Directed and co-written by Thomas Vinterberg, “Another Round” stars Mads Mikkelsen as a high school teacher feeling stuck in middle-age ennui. So he and some friends convince themselves to follow the teachings of an obscure philosopher who opined that humans naturally need a higher blood alcohol content, and they decide to be drunk all the time and see what happens. Denmark’s submission for the international Oscar, the film is released by Samuel Goldwyn Films. It is available via Laemmle’s virtual cinema and on VOD starting Dec. 18.

For The Times, Justin Chang wrote, “What happens, all told, isn’t terribly surprising: the highest of highs, the lowest of lows, drunken benders that threaten to become relationship enders. But ‘Another Round,’ while very much about addiction, isn’t really an addiction drama. It’s a male midlife-crisis comedy in which drinking to excess is less a cause than a symptom of Martin’s funk — and sometimes, yes, a viable solution to it … Which is to say that it not only acknowledges but also celebrates the life-giving buzz his characters experience with every swig of absinthe or Smirnoff. This is booze you can use, and in these scenes, their intoxication unabashedly becomes your own.”

For the New York Times, Devika Girish wrote, “Vinterberg also makes excellent use of Mikkelsen’s own past as a dancer, mining the incongruously fluid body language of a tall, thickset man with a jaw that seems carved out of lead … The buoyancy of ‘Another Round’ comes from these moments of unpredictability, when the characters teeter on the precipice of either ecstasy or injury. That feeling of indeterminacy is, of course, the very allure of an alcoholic buzz. Despite a few didactic lines of dialogue about Danish drinking culture, ‘Another Round’ mostly shimmies its way out of moral or social questions. The film ends literally midair, suspending us in the perilous thrill of moments in which anything seems possible.”

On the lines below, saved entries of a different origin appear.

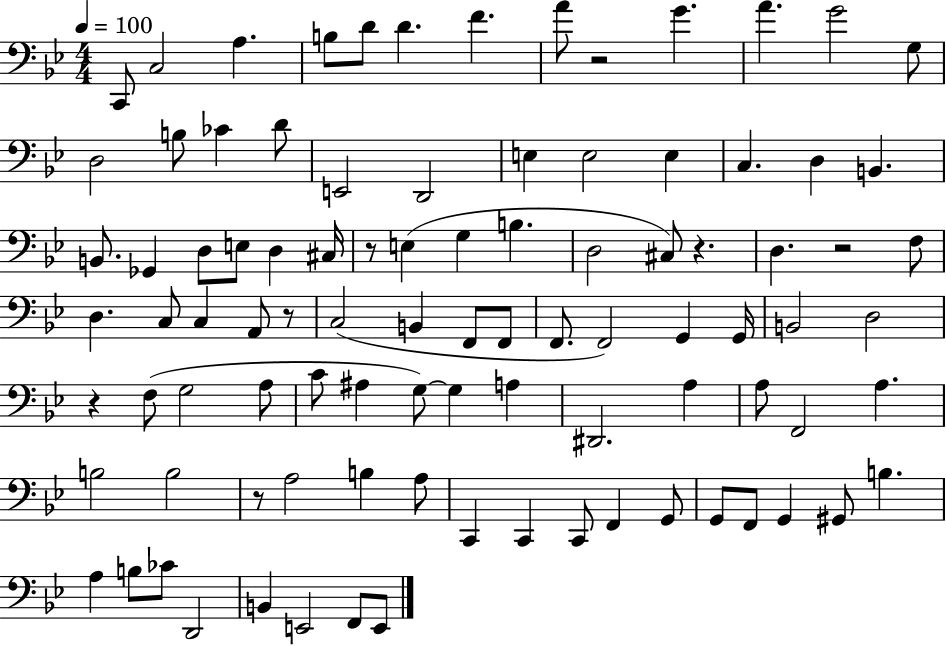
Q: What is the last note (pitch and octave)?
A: E2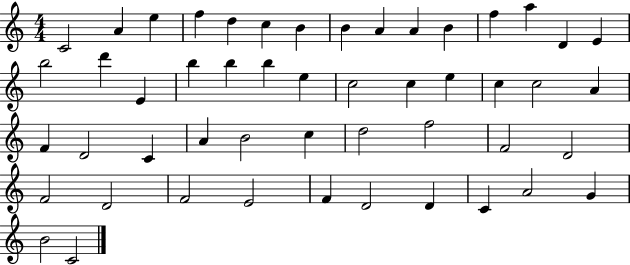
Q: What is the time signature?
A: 4/4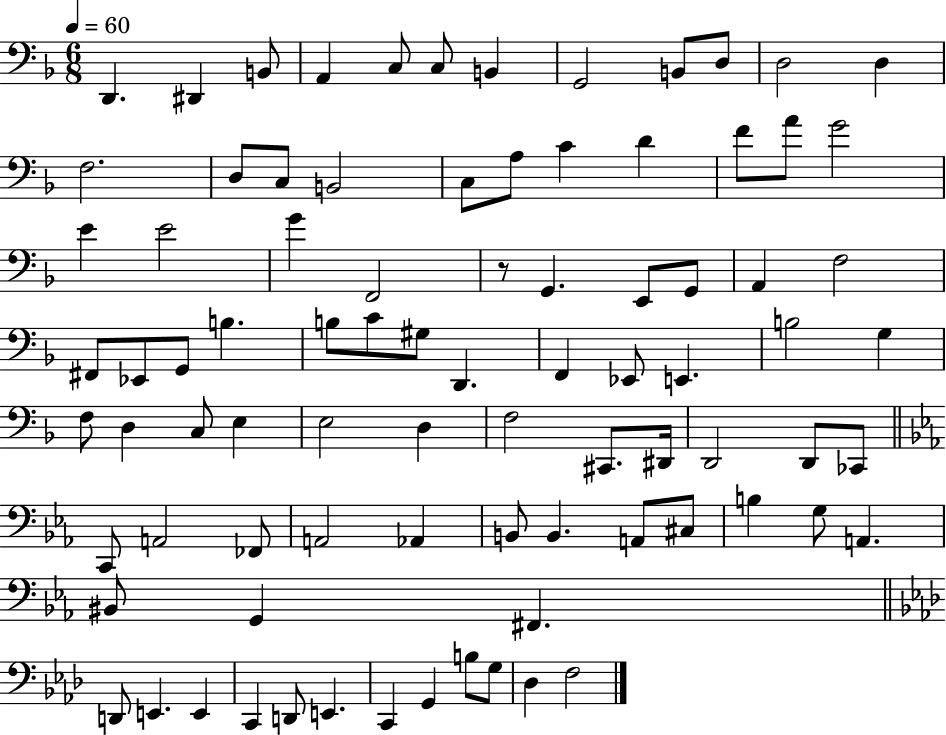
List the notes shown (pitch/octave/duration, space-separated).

D2/q. D#2/q B2/e A2/q C3/e C3/e B2/q G2/h B2/e D3/e D3/h D3/q F3/h. D3/e C3/e B2/h C3/e A3/e C4/q D4/q F4/e A4/e G4/h E4/q E4/h G4/q F2/h R/e G2/q. E2/e G2/e A2/q F3/h F#2/e Eb2/e G2/e B3/q. B3/e C4/e G#3/e D2/q. F2/q Eb2/e E2/q. B3/h G3/q F3/e D3/q C3/e E3/q E3/h D3/q F3/h C#2/e. D#2/s D2/h D2/e CES2/e C2/e A2/h FES2/e A2/h Ab2/q B2/e B2/q. A2/e C#3/e B3/q G3/e A2/q. BIS2/e G2/q F#2/q. D2/e E2/q. E2/q C2/q D2/e E2/q. C2/q G2/q B3/e G3/e Db3/q F3/h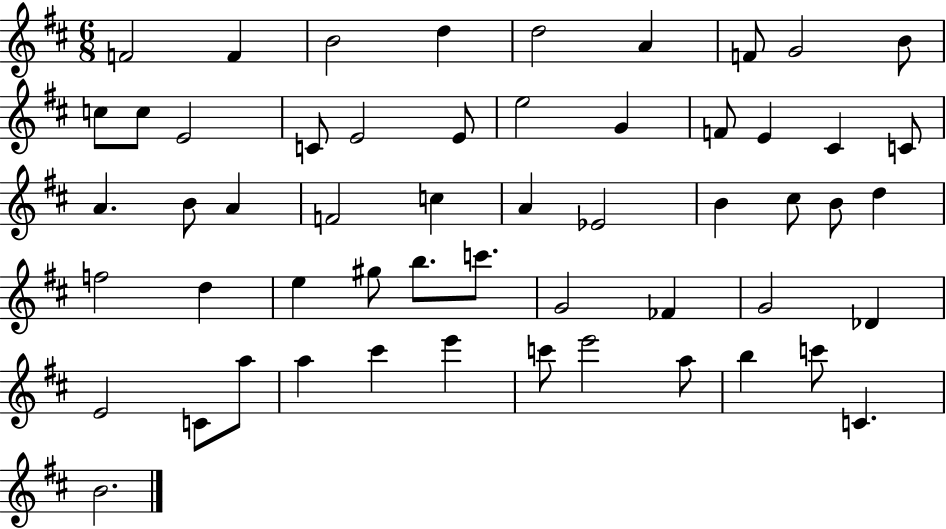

For the Tribune News Service, Katie Walsh wrote, “While ‘Another Round’ inspects the varying effects of alcohol on daily life, it’s far from clinical. Waves of ebullience, love, humor and sorrow crash on top of each other, as anyone who’s ever been overserved can attest to. It isn’t prescriptive about drinking, and doesn’t seek to impart any message other than that life is hard, and sometimes dark, and sometimes ecstatically beautiful. Alcohol can unlock freedom, joy and playfulness, but it can also easily be destructive and fatal, which is never far from reality in ‘Another Round.’ The true lifehack? Learning to access that joie de vivre all on your own.”